Some of my readers may remember that when I was dealing with Professor Sir J. J. Thomson's lecture before the Royal Society in an article which appeared in The English Review in February 1911, I stated that what actually did happen was that there took place in practically every drive at golf exactly this "trifling upward concavity of the path of the head during the ten-thousandth of a second occupied by the blow," and that therefore the amount of beneficial back-spin obtained from the loft of the club was practically negligible.

It is quite clear that Professor Tait was under the impression that back-spin was got from the loft of the club proceeding in a horizontal direction, but it is well known now to golfers who give the science of the game any attention whatever, that back-spin is not obtained in this manner, and that back-spin so obtained would be practically ineffectual as an aid to distance, for the loft of the driver and the brassy is not sufficient, even if the golf drive were played in the manner suggested, to produce any considerable amount of back-spin. As we have already seen, the beneficial back-spin in the golf drive is obtained by the club striking the ball long before the beginning of the "upward concavity of the path of the head," that is to say, in its arc as it is proceeding downwards to the lowest point in the swing from which it then starts that "upward concavity."

I have emphasised and re-emphasised this matter, for it is evident that when famous men like Professors Tait and Thomson start out with an absolutely erroneous idea, an idea which is fundamentally wrong, it is quite natural for less gifted men to be led astray. Braid says, and it must be remembered that this is in Advanced Golf (page 229): "So far as I know, it cannot be stated in accurate scientific terms and figures, and by lines drawn on paper, what is the proper scientific swing in order to get the best drive." This seems to me, especially in a book like this, to be a wonderful statement, particularly when we are dealing with the scientific results arrived at by men of the greatest eminence, results which I may say have been known for more than two hundred and fifty years.
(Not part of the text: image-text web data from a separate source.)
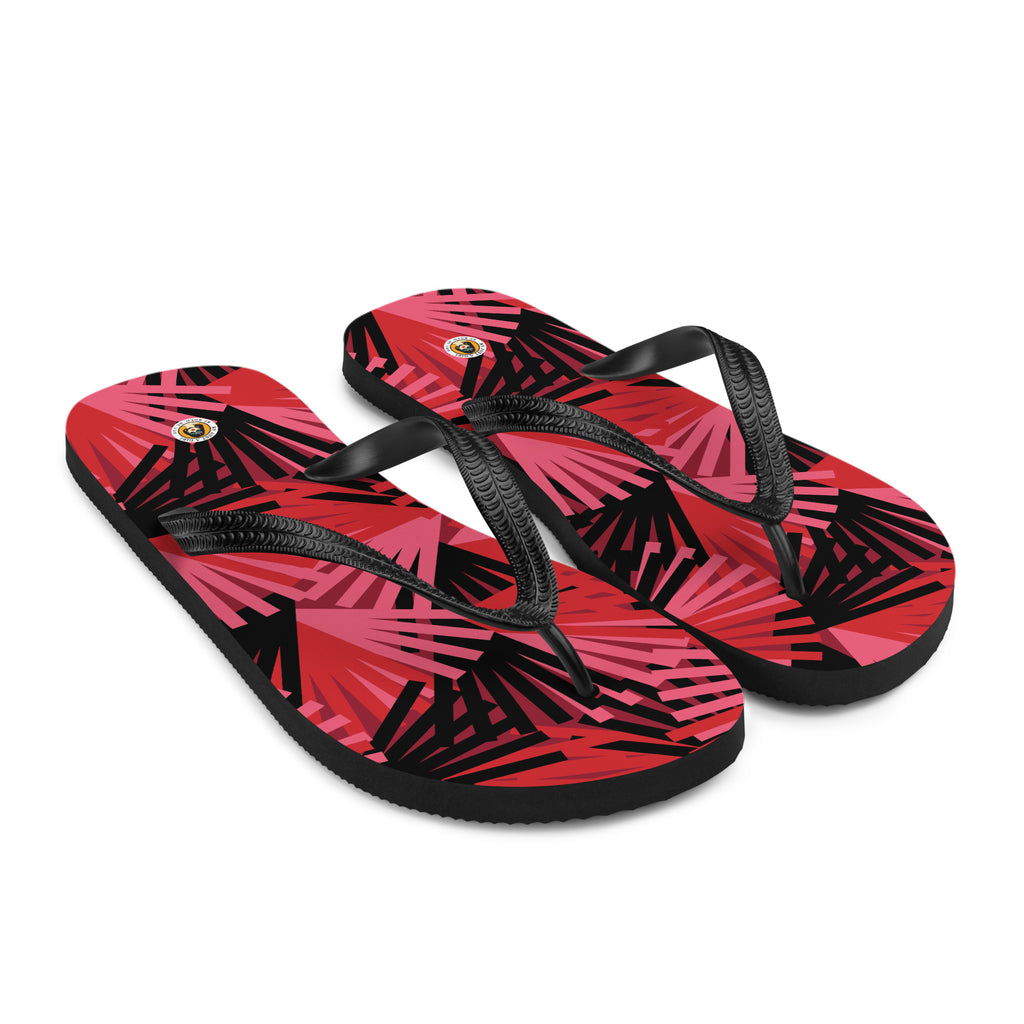 Ein Paar schwarze Herren-Flip-Flops mit einem Obermaterial, das ein komplexes, fächerartiges und geometrisches Muster in verschiedenen Rottönen (von Hellrot bis Dunkelrot) und Schwarz zeigt. Die Formen scheinen aus einem Mittelpunkt zu explodieren oder sich aufzufächern. Die Riemen sind schwarz und haben eine strukturierte Oberfläche.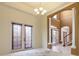 Bright living area featuring arched doorways, a chandelier, and large windows at 8661 Crestgate Cir, Orlando, FL 32819
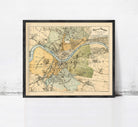 The image is a framed vintage map of a city, likely from the 19th century, depicting various landmarks and geographical features.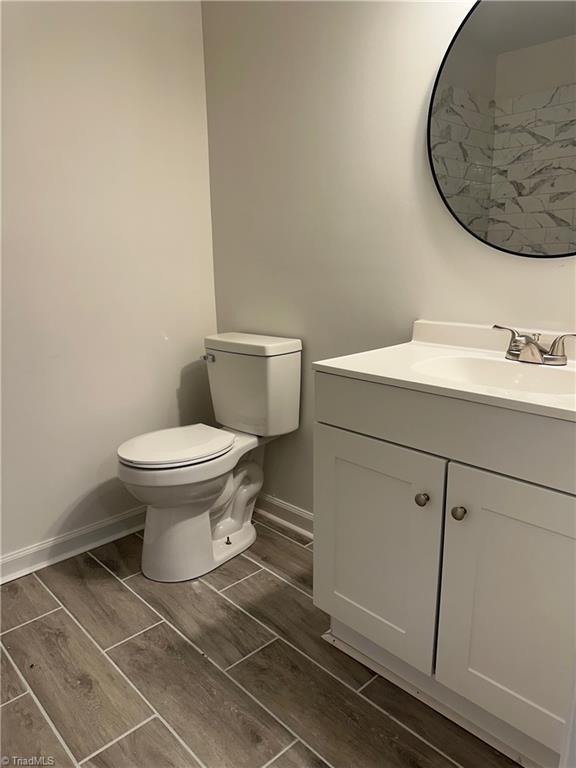 1230 W Sedgefield Dr, Winston-Salem, NC 27107 - bathroom with vanity, wood finish floors, toilet, and baseboards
There is no doubt whatever which is the best way to swing in order to get the best drive, and it can be explained in scientific language and shown by diagram and by figures, and in fact it has been so shown again and again. Braid says:

What golfers have done, therefore, in the past has been to find out gradually which is the best way in which to hit the ball in order to make it travel far, and thus they have groped their way to the stances and swings which, if the truth were known, would probably be set out by science as the best possible ones for the purpose.